Friend.tech v2 Airdrop Introduces Non-Transferable Tokens
Friend.tech, a decentralized social media platform, is gearing up for the launch of its version two and accompanying airdrop on May 3. However, leaked details from smart contracts hint at potentially controversial features, notably the inclusion of a non-transferable token.
According to insights from pseudonymous decentralized finance (DeFi) researcher CBBOFE, who claims to have uncovered the smart contracts, the upcoming Friend.tech v2 airdrop may introduce a non-transferable token labeled $POINT. This token, as per the leaked information, won't be tradable except for specific whitelisted addresses and will find a trading platform on BunnySwap, the native DEX.

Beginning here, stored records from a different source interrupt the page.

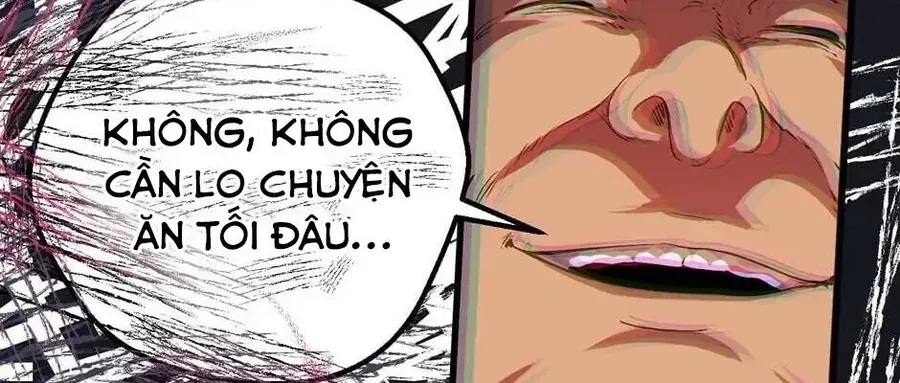 Câu Chuyện Sinh Tồn Của Kiếm Vương Ở Thế Giới Khác Chap 14 - Next Chap 15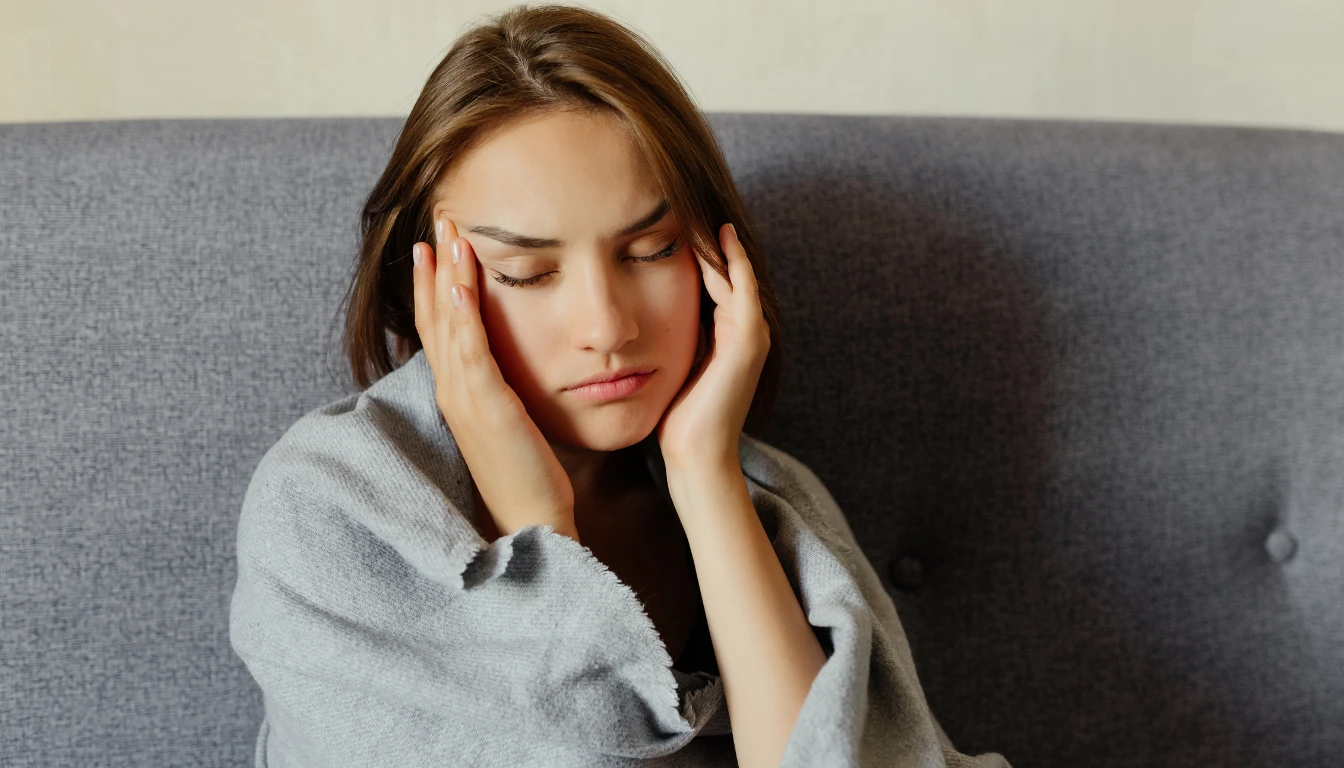 diseases that mimic lyme disease
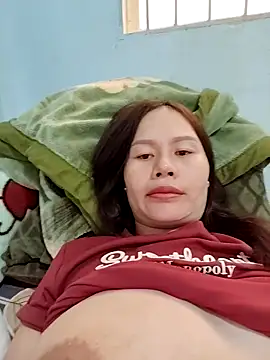 Snapshot of Baby-ladyass20 chatting on September 2025 01:32:02 AM Baby-ladyass20 online show from September 2025 01:32:02 AM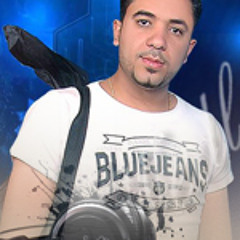 ممدوح اسالك ياالاهي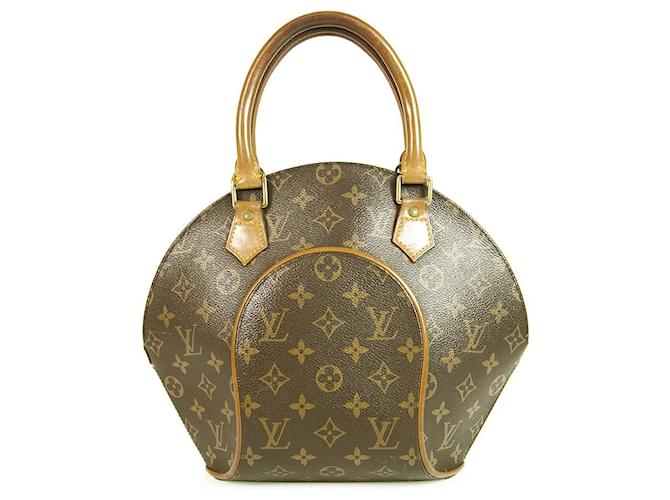 Dome shaped outlet handbags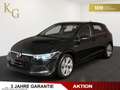 Volkswagen Golf 1,5 TSI DSG ab ca. 182€ monatich Schwarz - thumbnail 1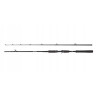 Abu Garcia Beast BEAST Pike 662HP 40-90g Jerkbait Casting
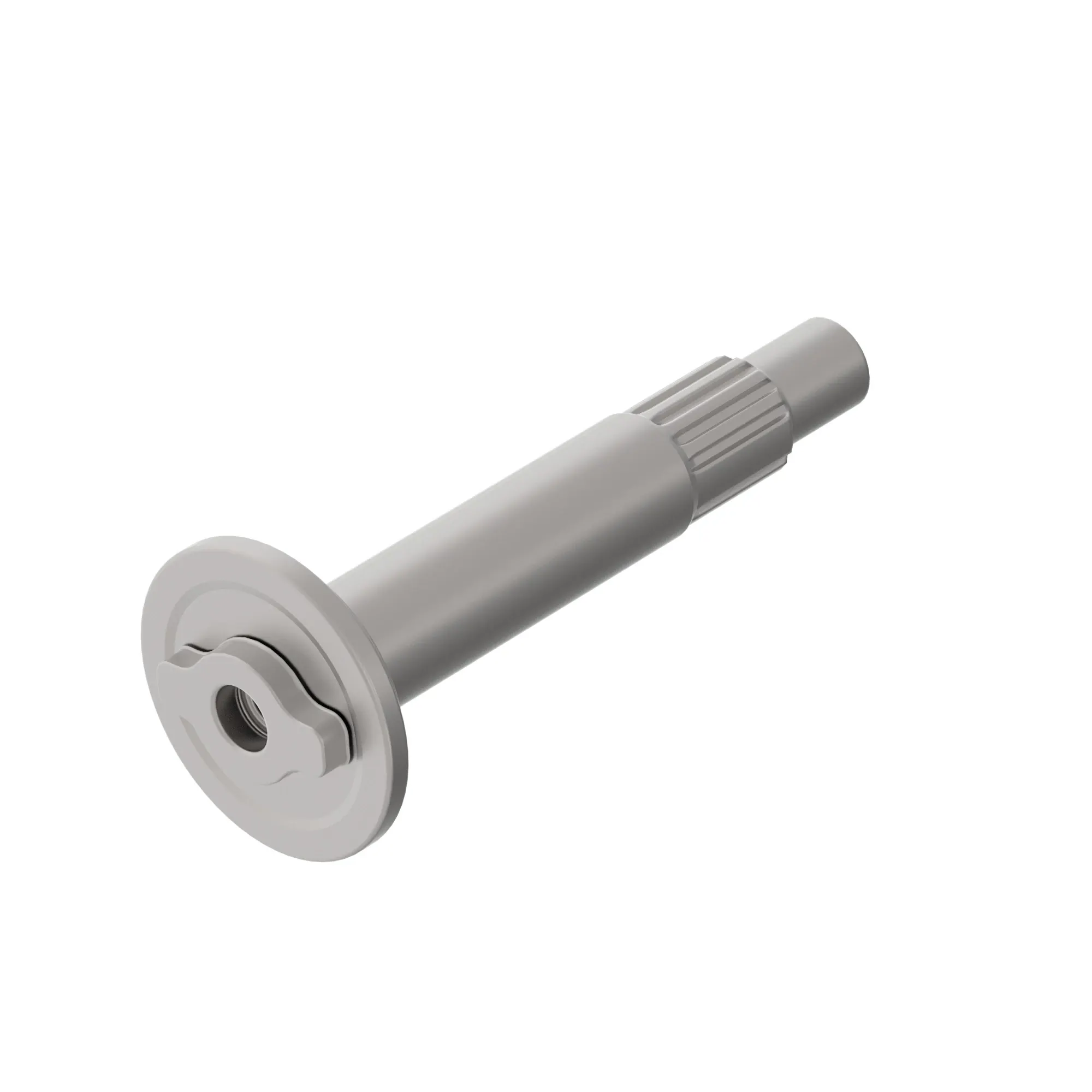 Spindle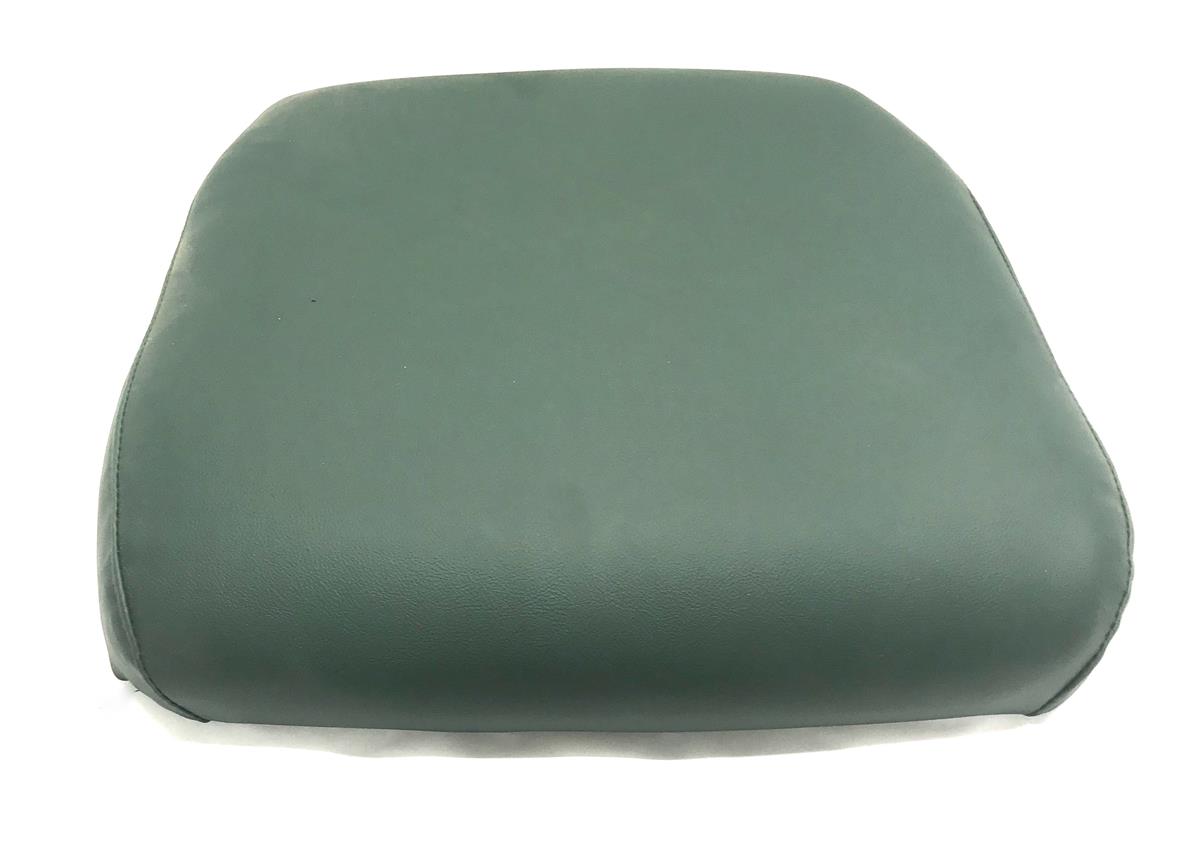 COM-5247VINYL  | COM-5247VINYL  Vinyl Driver Seat Air Ride Spring Seat Bottom Cushion (700).jpg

A non-transferable token model implies that recipients of the airdrop won't have the freedom to sell or exchange the coins, except for designated whitelisted protocol addresses.
EigenLayer, a leading restaking protocol, recently stirred controversy by adopting a similar non-transferable token approach for its EIGEN airdrop.
The decision to opt for non-transferable tokens stems from Friend.tech's strategy to impose a 1.5% fee on transactions involving the token. Kasper Vandeloock, a quantitative crypto trader and advisor at X10 exchange, shed light on this, suggesting that restricting transfers essentially compels users to sell through the platform, consequently incurring the 1.5% fee. Vandeloock noted the irony in this approach, given Friend.tech's anti-VC stance juxtaposed with its profit-generation tactics.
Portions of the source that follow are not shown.